SETEQ m (Prf' P) n (Prf' Q) p mp np = PROPEQ m P n Q p mp np PROPEQ : (m : Nat)(P : prop ^ m)(n : Nat)(Q : prop ^ n) -> (p : Nat)(mp : Embedding m p)(np : Embedding n p) -> prop ^ p PROPEQ m P n Q p mp np = [ p ] ([ p ] Em mp prop P => Em np prop Q) * ([ p ] Em np prop Q => Em mp prop P)
Equality of propositions is mutual implication: we have proof irrelevance anyway, so we don’t need to worry about preserving representation. Proofs are run-time interchangeable because you replace one smoking hole in the ground where a term used to be with another.

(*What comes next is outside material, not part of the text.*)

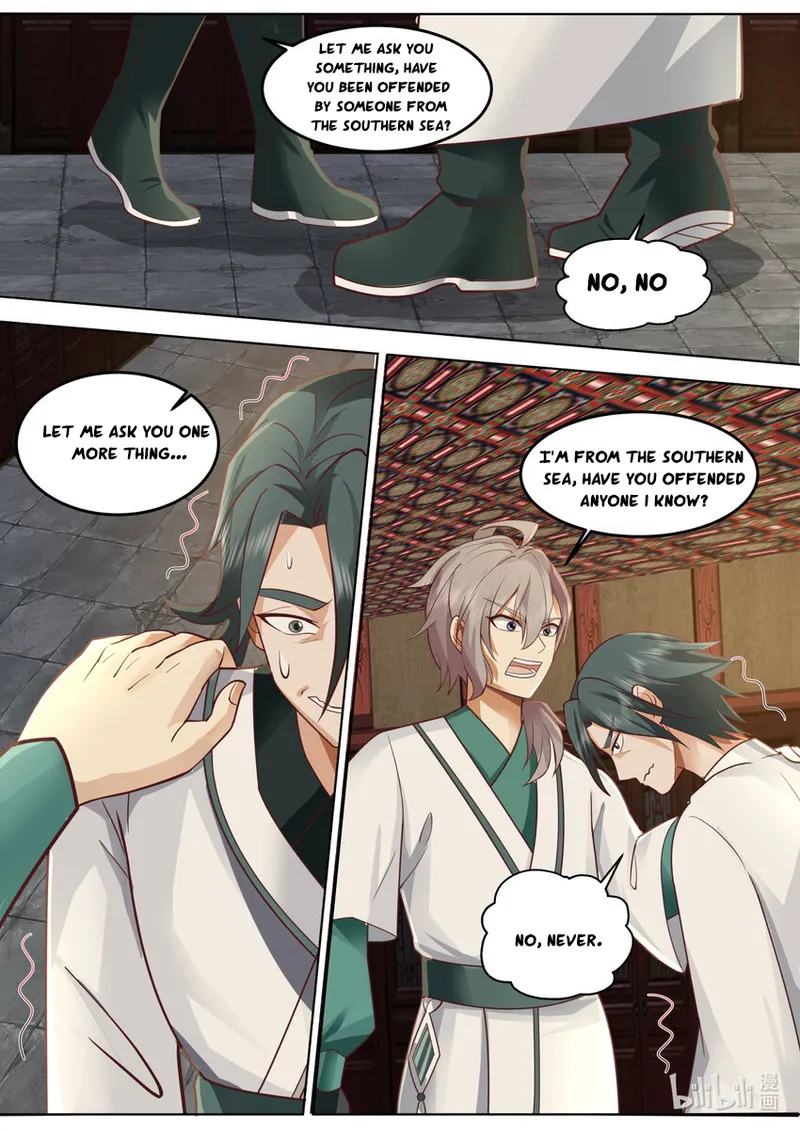 Page 2 of Chapter 673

Meanwhile, value equality is a bit neater. We need
VALEQ m Two' tt n Two' ff p mp np = B' ff VALEQ m Two' ff n Two' tt p mp np = B' ff
We’ll have extensionality
VALEQ m (Pi' S S') f n (Pi' T T') g p mp np = upPi' mp S \ s -> upPi' np T \ t -> [ p ] VALEQ m S s n T t p mp np => VALEQ m (S' s) (f s) n (T' t) (g t) p mp np
For indexed W, we define a recursive helper:
VALEQ m (Pi' S S') f n (Pi' T T') g p mp np = VALEQ m (Wi' I S P r i) s n (Wi' J T Q u j) t p mp np = WEQ i s j t where WEQ : (i : EL m I)(s : EL m (Wi' I S P r i)) (j : EL n J)(t : EL n (Wi' J T Q u j)) -> prop ^ p WEQ i (s < f) j (t < g) = [ p ] VALEQ m (S i) s n (T j) t p mp np * upPi' mp (P i s) \ p -> upPi' np (Q j t) \ q -> WEQ (r i s p) (f p) (u j t q) (g q)
To compare props or sets as values, just embed the relevant notion from the level below.
VALEQ ze (U' _) () n (U' _) t p mp np VALEQ (su y) (U' _) s ze (U' _) () p mp np VALEQ (su m) (U' set) S (su n) (U' set) T p mp np = SETEQ m S n T p (suEm mp) (suEm np) VALEQ (su m) (U' prop) P (su n) (U' prop) Q p mp np = PROPEQ m P n Q p (suEm mp) (suEm np)
Meanwhile, El’-stripping goes as before
VALEQ ze (El' ()) s n T t p mp np VALEQ (su m) (El' S) s n T t p mp np = VALEQ m S s n T t p (suEm mp) np VALEQ m S s ze (El' ()) t p mp np VALEQ m S s (su n) (El' T) t p mp np = VALEQ m S s n T t p mp (suEm np)
Coercion has this type
coe : (m : Nat)(S : set ^ m)(n : Nat)(T : set ^ n) -> (p : Nat)(mp : Embedding m p)(np : Embedding n p) -> EL p (Prf' (SETEQ m S n T p mp np)) -> EL m S -> EL n T
following the same zipper-style management of El’. The code is basically a bloodbath. Lots of it is spent telling untrue equations to go away. Even more of it is spent negotiating the fact that shunting values up and down the El’-zipper does sod all: I didn’t quite manage to persuade the with-notation to handle that, but I might try harder, another time. It wasn’t my idea of fun, but I bashed it out.
So what?
What we have here is the basis of a shallow embedding of the Epigram 2 kernel in Agda, up to a point. The definitional equality of Epigram 2 (with stuff like proof irrelevance) is rather more generous than the Agda model can offer, but the propositional equality theory is the same in both cases. The plan is that every Epigram 2 kernel term can be expressed in the Agda model, at the cost of inserting explicit appeals to coercion where once definitional equality sufficed. Fortunately, coercion by plausible equations always computes under constructors, so the extra coercions don’t interfere with the basic βδι-reduction (ordinary computation by function application, definition expansion and pattern matching). We should thus be able to conclude that either Epigram 2 evaluation is terminating, or that Agda’s in trouble too.
The coercion implementation is conspicuously lazy in the proof of equality, except when refuting falsehoods. Correspondingly, the only way we can lose canonicity is if the system is inconsistent. But everything we’re doing here can be modelled (less computationally) in Extensional Type Theory, so consistency seems quite likely.
It was bloody as hell, but I’ve modelled a cumulative hierarchy of extensional universes. The real deal isn’t nearly so bloody, but this construction gives some clue as to how to argue that the system we’re going for might actually make sense.